» How to complete this task: Starting at the line that contains "Hanes Boys' 4", repeat each line of the listing below through the last one, exactly, and leave out every picture.

» Provided records:

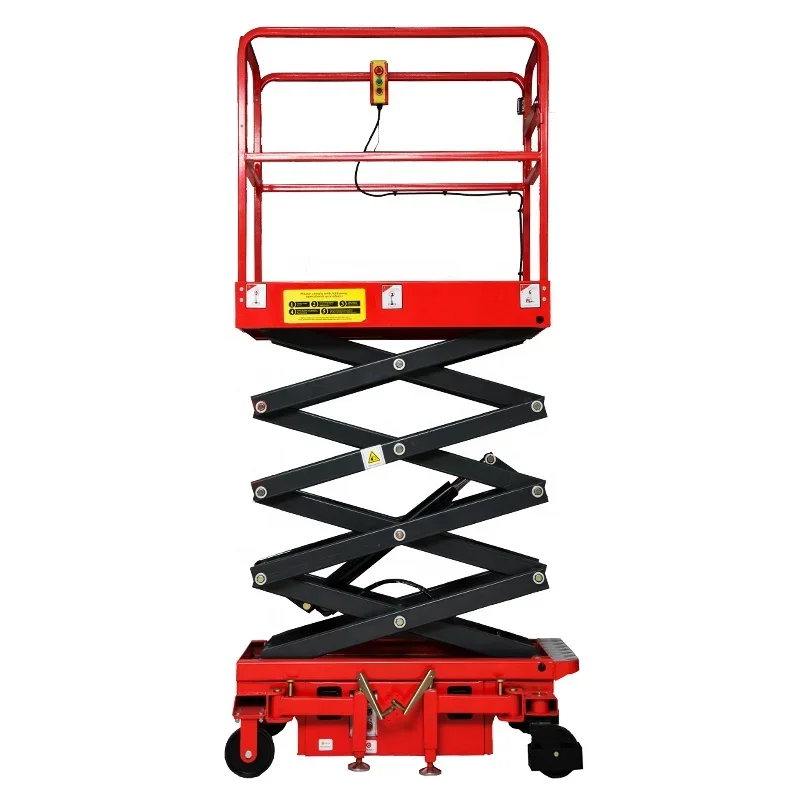 Mini Self Propelled Scissor Lift with Excellent Power Eco Friendly Portable Lifting System Lifts Indoor and Outdoor Application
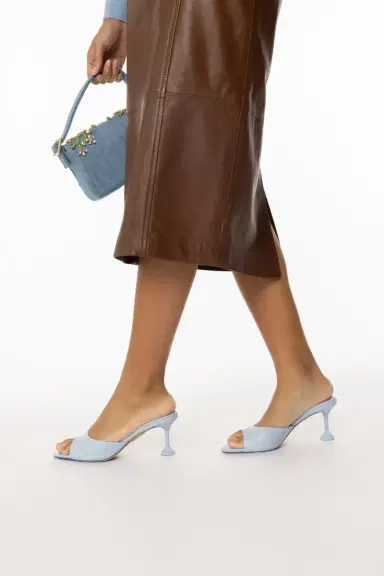 Aquazzura Bisous Mule 65 | Thumbnail 3 Aquazzura Bisous Mule 65 | Thumbnail 3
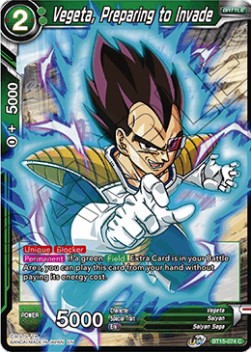Vegeta, Preparing to Invade - Saiyan Showdown (Common) [BT15-074]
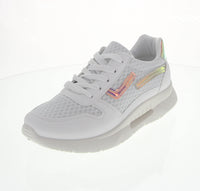 WOMAN'S SHOES CHAMP/WHT TENNIS SNEAKERS 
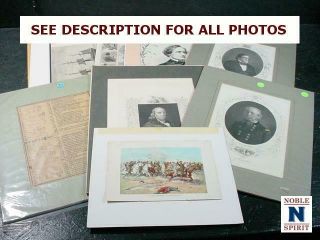 Noblespirit {3970}selection Of Antique Engravings,  Etchings & Prints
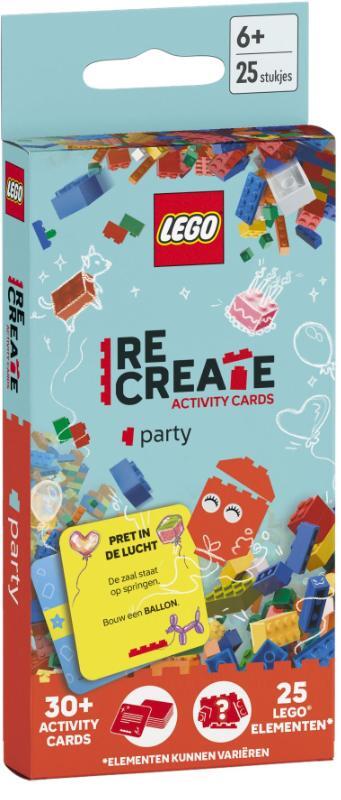 Omslag van boek: Lego ReCreate Activity Cards: Party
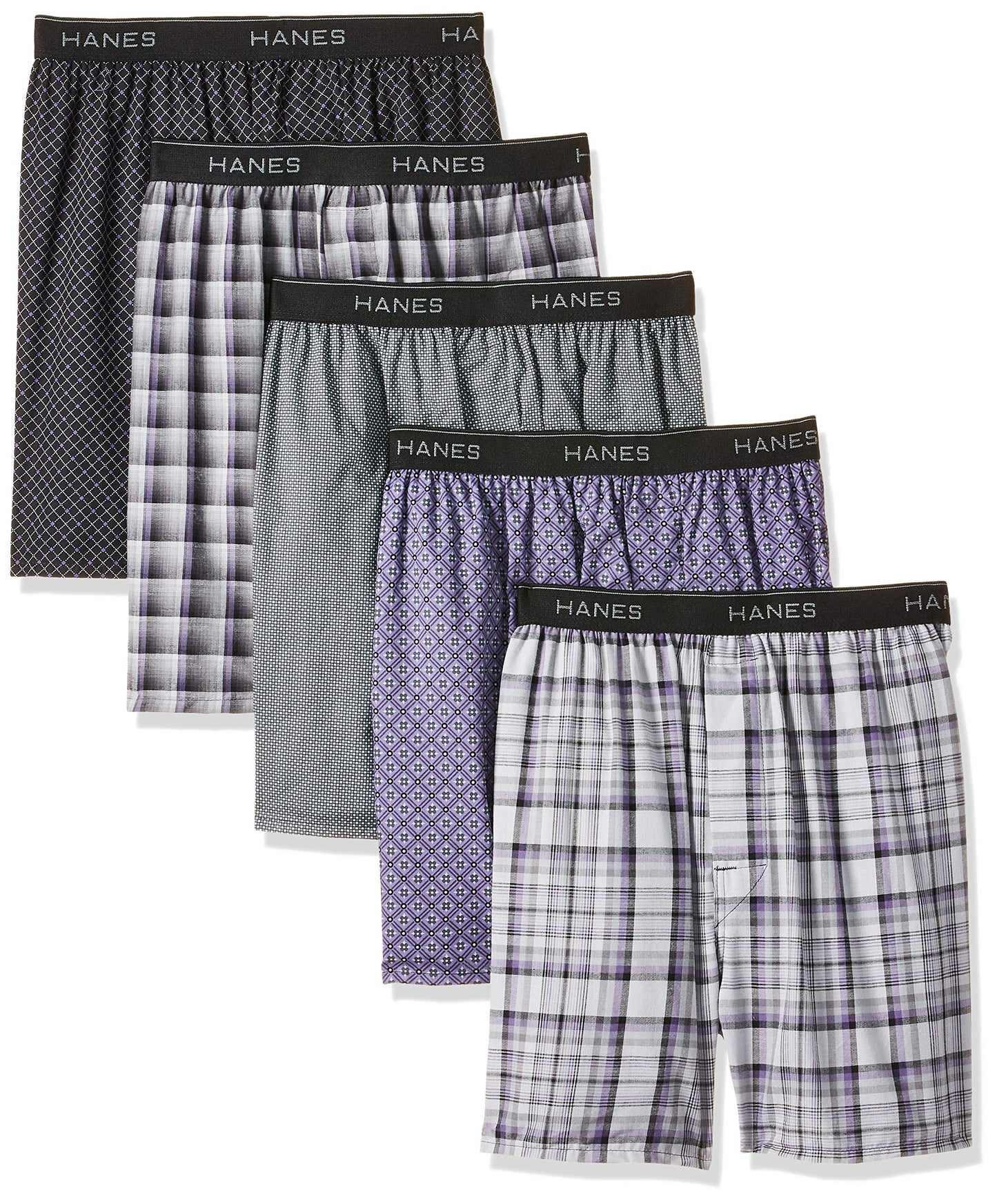Hanes Boys' 4 Pack Ultimate Comfort Flex Printed Boxer Brief, Assorted, X-Large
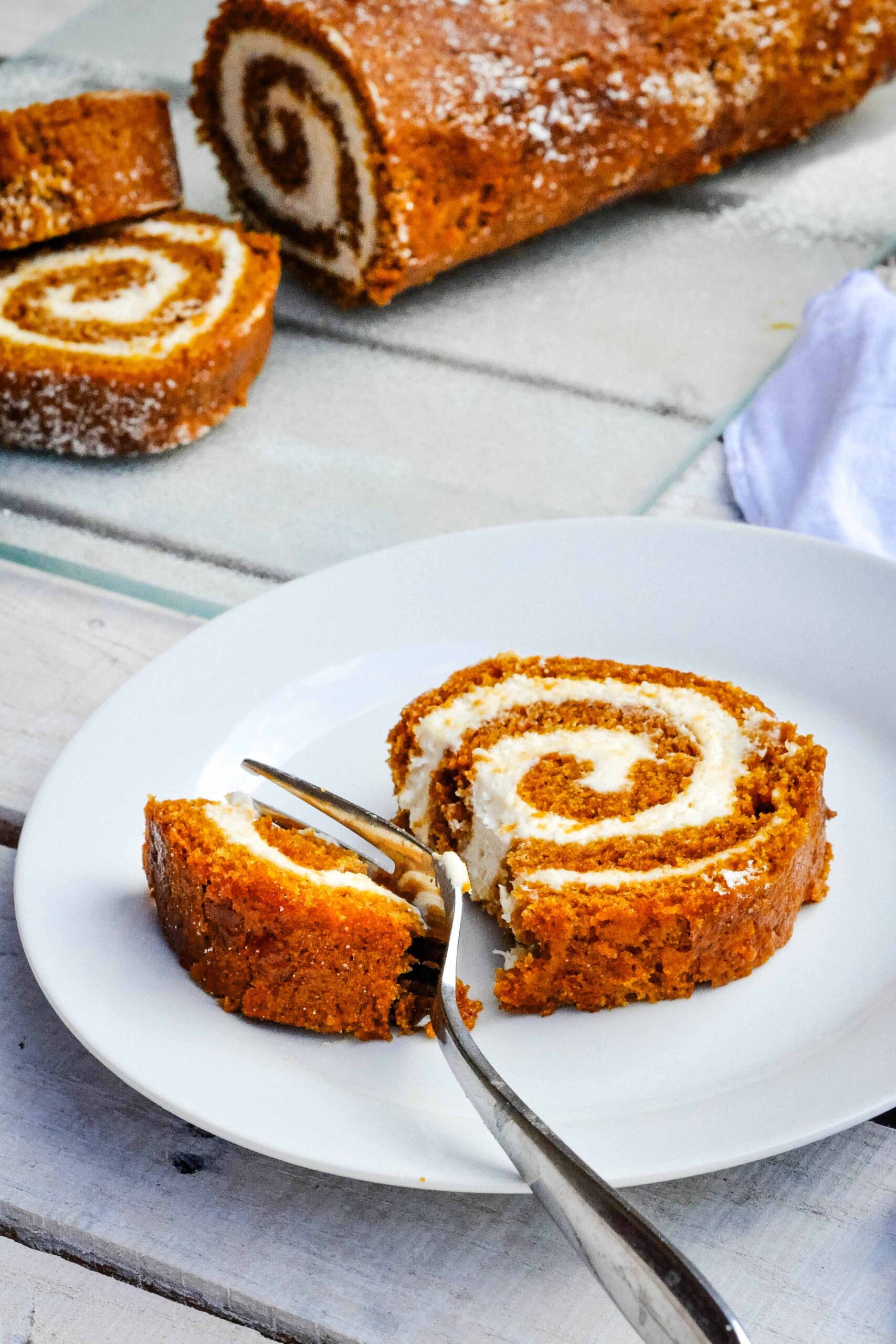 Grandma’s Pumpkin Roll, Lightened Up
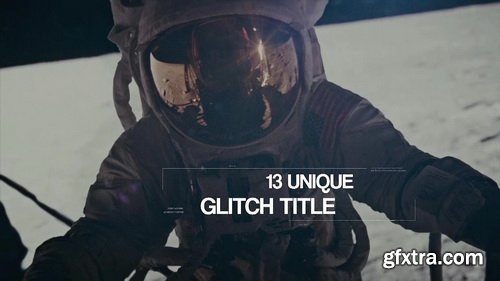 FlatPackFx - Glitch Titles for Premiere Pro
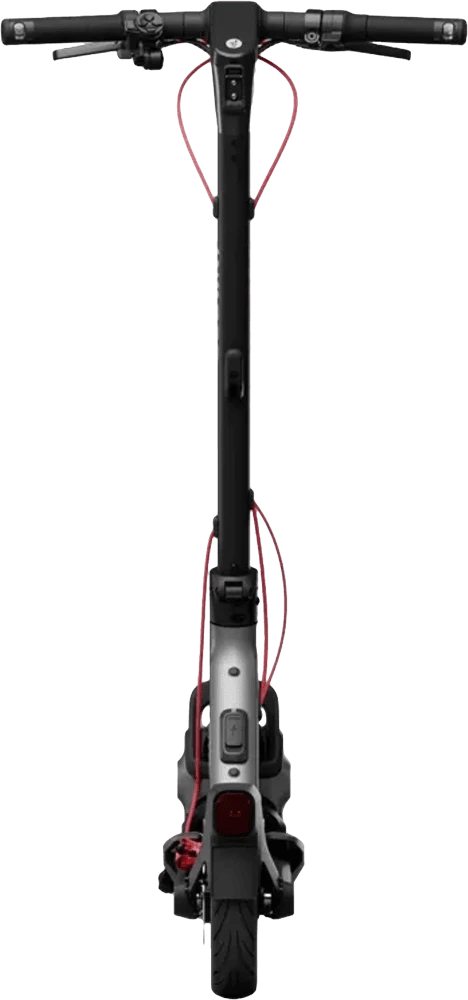 Електросамокат Ninebot SEGWAY F3 PRO E Grey (AA.05.17.02.0003) задній вид самокату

» Reply to the exercise:
Hanes Boys' 4 Pack Ultimate Comfort Flex Printed Boxer Brief, Assorted, X-Large
 Grandma’s Pumpkin Roll, Lightened Up
 FlatPackFx - Glitch Titles for Premiere Pro
 Електросамокат Ninebot SEGWAY F3 PRO E Grey (AA.05.17.02.0003) задній вид самокату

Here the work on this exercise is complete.